It's weird to think about cheap folding lawn chairs in the left-over spaces where Broadway used to cross 7th Avenue (which remains open, by the way.) Supposedly, the city takes up the chairs every night and redistributes them every morning. Is this any way to run a national urban landmark?
But there's something important about the New Times Square makeover by the Planning Department of New York City. If nothing else, it's the first U.S. project (ad hoc though it be) in my memory whose momentum is decidedly anti-car. Nicholai Ouroussoff reviews the "design" in this article. Nick O (as I will dare to call him) is right on the money about the unplanned nature of the action (as he says, "this is not the Piazza San Marco in Venice or even Trafalgar Square", but I think it is so important to expose people (even if they are unwitting tourists!) to the idea that the U.S. can have a "public realm" that isn't driven (sorry!) by traffic engineering.

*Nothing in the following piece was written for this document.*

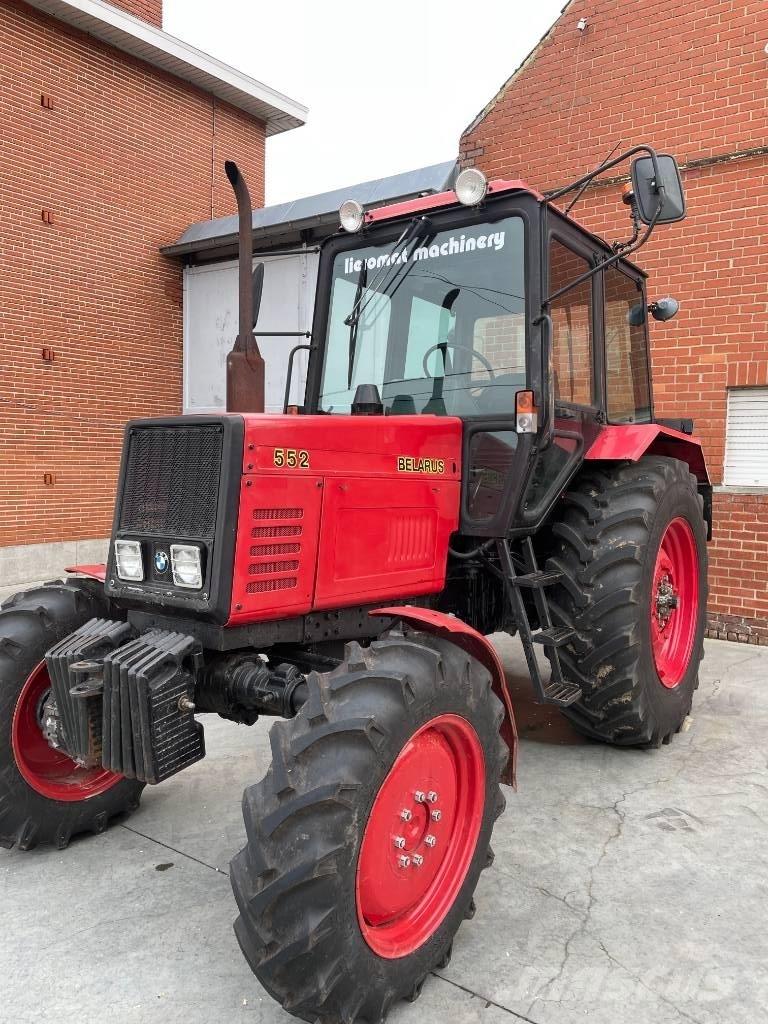 Belarus 552 Τρακτέρ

Over at the very interesting blog, World Streets (newly on my blogroll), there is a very interesting article (which promises to be a series) by Paul Barter, a professor in public policy at the National University of Singapore, about "The Battle for Street Space" that is really worth a read (as is much of the other stuff over there.) I see many people from all over the world on that blog talking about 30 kph (yes, kph) speed limits everywhere except on highways. My first reaction is to lecture these people about how this will never fly in the U.S.; the auto is forever king here. But maybe not -- Times Square is a very interesting precedent. It will be fascinating to see where it goes.